Heiner Stilz ist Multiholzbläser, Pianist, Komponist und Arrangeur, Nicolas Schulze hat Jazzpiano studiert und arbeitet auch als Komponist für Bühne und Film. Die beiden 1979 Geborenen hatten sich – natürlich – an der Musikhochschule kennengelernt, in Stuttgart.
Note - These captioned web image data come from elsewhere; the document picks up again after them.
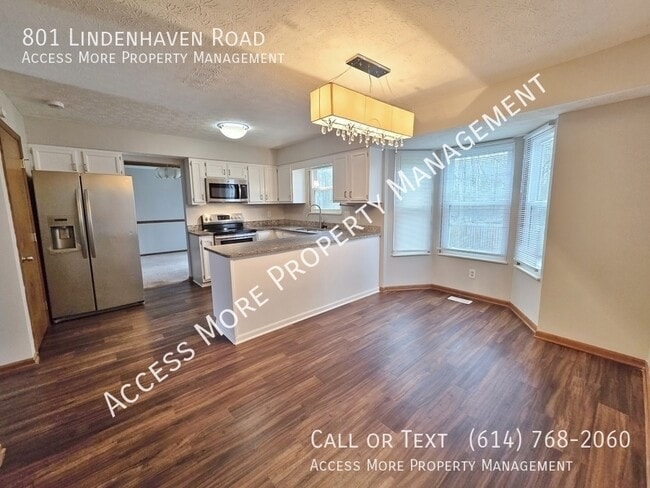 Building Photo - 801 Lindenhaven Rd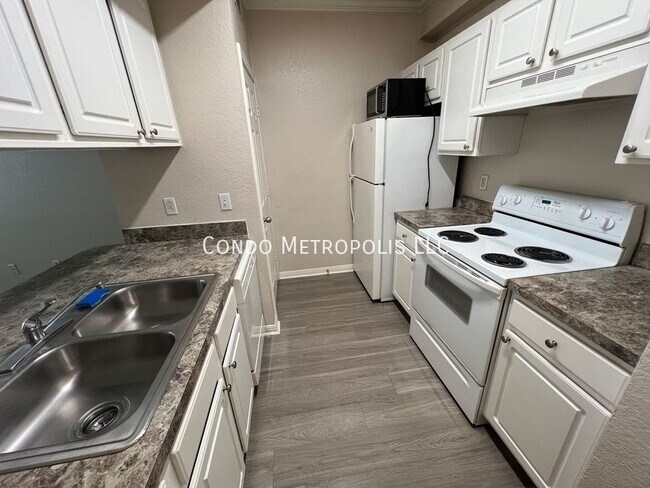 Building Photo - 1/1 Downtown Condo - Reduced Price!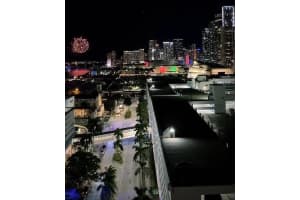 1750 N Bayshore Dr 2010 Miami, FL 33132 - MLS#A11852027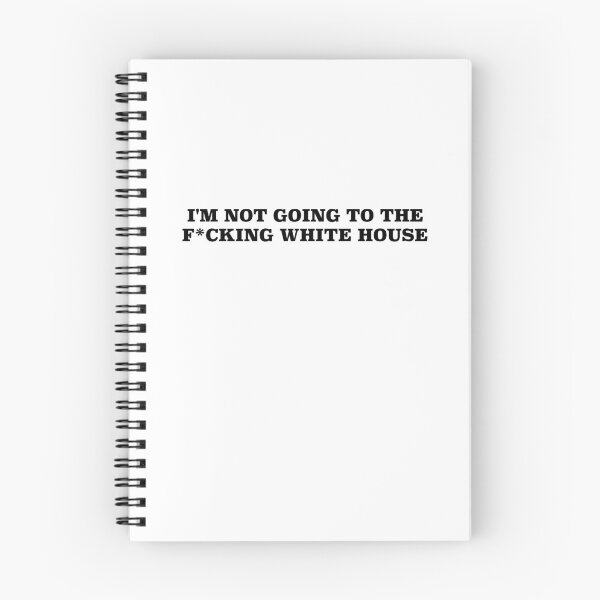 Item preview, Megan Rapinoe "I'm not going to the f*cking white house" designed and sold by amanda-stroh.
„Ich war gerade nach Berlin gezogen, als Nicolas mich ansprach“, erinnert sich Stilz. „Wir hatten in Stuttgart unterschiedliche Schwerpunkte verfolgt. Nicolas geht von der Ausbildung her etwas mehr in die freiere Richtung, zeitgenössisch, abstrakter. Ich komme ein bisschen aus der Soul- und Bluesecke.“
Soumitra Paul hat die Kunst des Tablaspiels in Kolkata erlernt, bei einem Meister seines Fachs, Ustad Sabir Khan. Er hat an der Uni in Paris unterrichtet und am Konservatorium in Birmingham, natürlich ist er auf Festivals in Indien präsent. Sein Spiel steht in der Tradition der Farukhabad-Gharana, einer Schule von berühmten Musikern, welche eine virtuose beidhändige Technik lehrt. „Ek Safar bedeutet schlicht und einfach Reise. Starten, sich bewegen, unterwegs sein, zurückkommen. Es ist wie eine Rundreise“, doziert Soumitra Paul und erklärt mit sanfter Stimme das Konzept des Trios, das keines sein will.
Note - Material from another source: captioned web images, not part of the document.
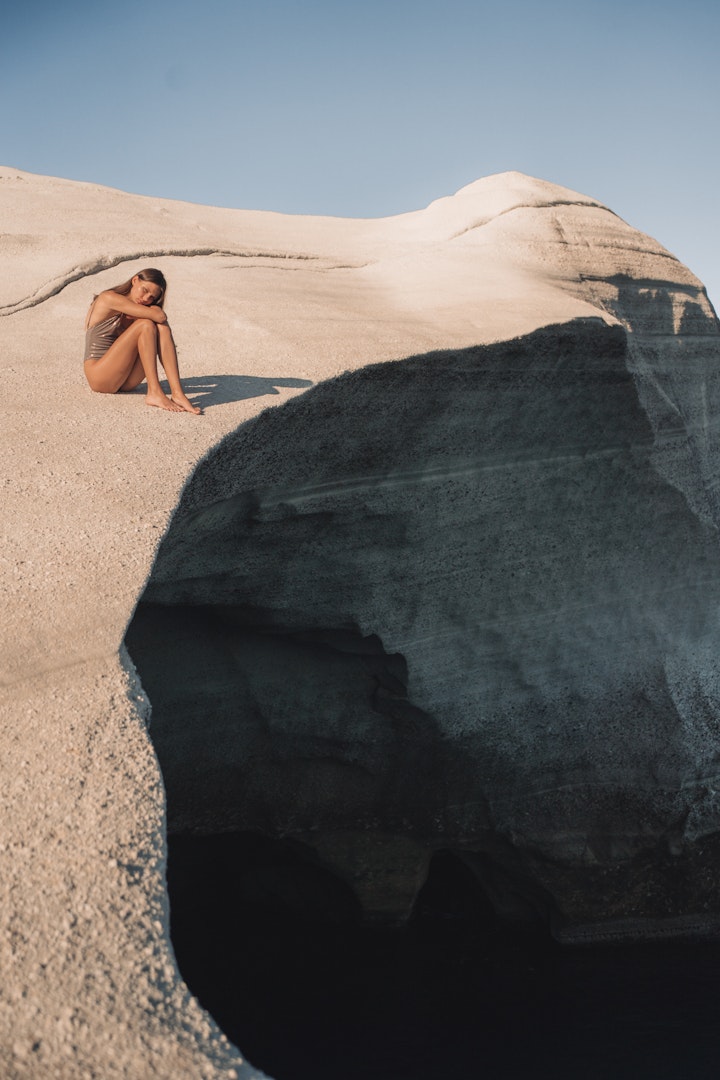 Fly Cycladic -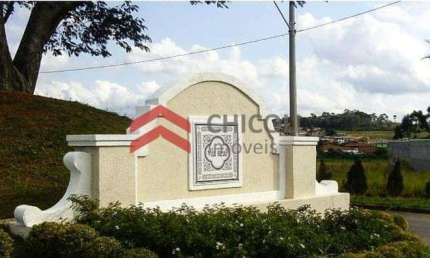 Casa em condomínio fechado com 3 quartos à venda na da Mineração Ouro Branco, 1758, Granja Cristiana, Vargem Grande Paulista por R$ 1.090.000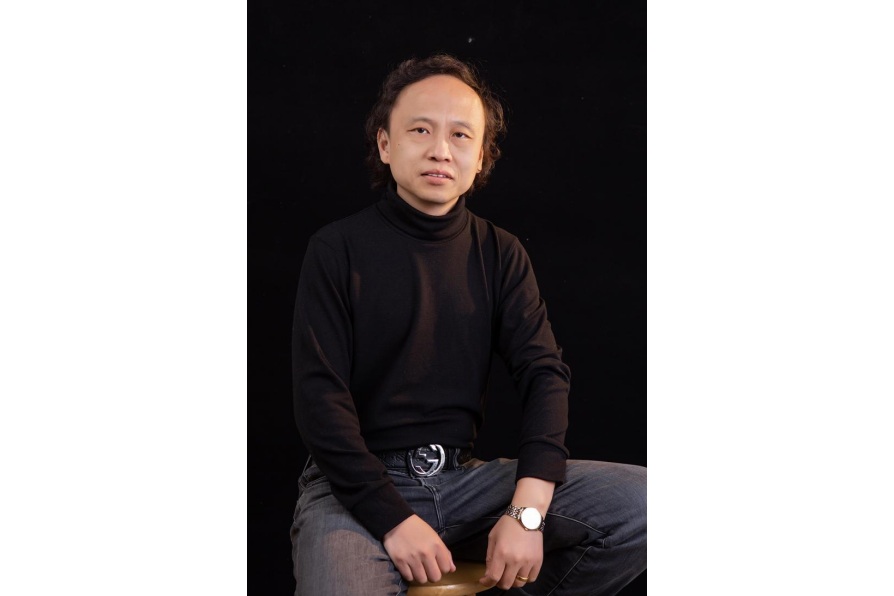 楊程(設計師) 楊程(設計師)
„Auf keinen Fall wollten wir in eine bestimmte Schublade hinein spielen, indisch, klassisch oder jazzy. Wir folgten einfach unseren eigenen Eingebungen. Nico kam mit einer Idee, ich hatte ein Motiv, Heiner gesellte sich ein paar Monate später dazu. Es entwickelte sich alles aus einem Fluss heraus, sozusagen. Es gab kein bestimmtes Konzept. Einfach gucken, was passiert.“
Nicolas wirft in die Runde, dass alle drei großen Wert darauf legen, ein Trio ohne Chef zu betreiben. Deshalb fanden die Musiker es auch wichtig, komplett zum Interview zu erscheinen.
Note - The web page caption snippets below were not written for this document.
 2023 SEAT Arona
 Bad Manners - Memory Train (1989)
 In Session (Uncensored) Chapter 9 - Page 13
„Es gibt da keine Hierarchie, wenn wir musizieren. Wir probieren Ideen aus, über die wir improvisieren. Jeder spielt aus dem Instinkt, aus dem Gefühl heraus. Wir benutzen keine Noten. Manchmal wiederholen wir etwas und verdichten eine Idee, die uns gefallen hat.“
Stilz, der sich bei Ek Safar ausschließlich der Klarinette widmet, ergänzt Paul:
„Und damit sind wir ziemlich glücklich. Manchmal singt einer den anderen eine Melodie vor, dann spüren wir ihr hinterher und gucken, was rauskommt.“
Rausgekommen ist das Debüt mit dem Namen des Trios im Titel. Die Reise geht durch relaxte melodische Weiten und verweilt bei transparenten Klanggebilden mit rhythmisch differenzierten Akzenten, zuweilen erinnert die sich langsam herausschälende Thematik an Minimal Music. Paul ergänzt die musikalischen Farben auch mit Konnakol, mit vokaler Perkussion. An ein paar Stellen reduziert sich das Trio auf ein Duo, mal Stilz und Schulze, dann Stilz und Paul. Auch das erklärt die Band als eine spontane Eingebung. Von mehr Farbe, mehr Variationsmöglichkeiten schwärmt das Trio. „Unsere Musik ist eher subtil, sie springt dir nicht ins Gesicht“, befindet einer der drei Musiker, und es ist völlig schnuppe, wer von diesen Gleichen in der Runde das gerade sagt.
Die beiden Deutschen haben sich nicht mit klassischen indischen Ragas befasst und Paul nimmt auch keinen Umweg über Studien westlicher Musik, um im Trio zu kommunizieren. „Wir lernen ständig voneinander.“ Sagen alle drei. Für die zehn Stücke seines Albums hat das Trio auch auf Jarretts Klassiker „Tabarka“ zurückgegriffen und über ein paar alte Ragas improvisiert. Beim letzten Stück, dem auf einem Raga basierenden „Mumbai Mail“, haut der Tablaspieler plötzlich ein verrücktes Solo heraus. Paul lacht.
„Wissen Sie, das war bei dieser Aufnahme so. Beim nächsten Mal, wenn wir das Stück spielen, wird es ganz bestimmt völlig anders. Ich kann auch anders.“ Da allerdings äußert sich sanfter Protest bei den beiden Kollegen. „Okay, dann schaun wir mal.“
Demnächst geht die Band auf Tour, im Februar wahrscheinlich bis nach Indien. Schulze arbeitet derzeit an einer Aufbereitung der Musik von Ek Safar für „Wo ist mein Zelt?“, eine filmische Dokumentation des deutsch-indischen Regisseurs Zubin Sethna.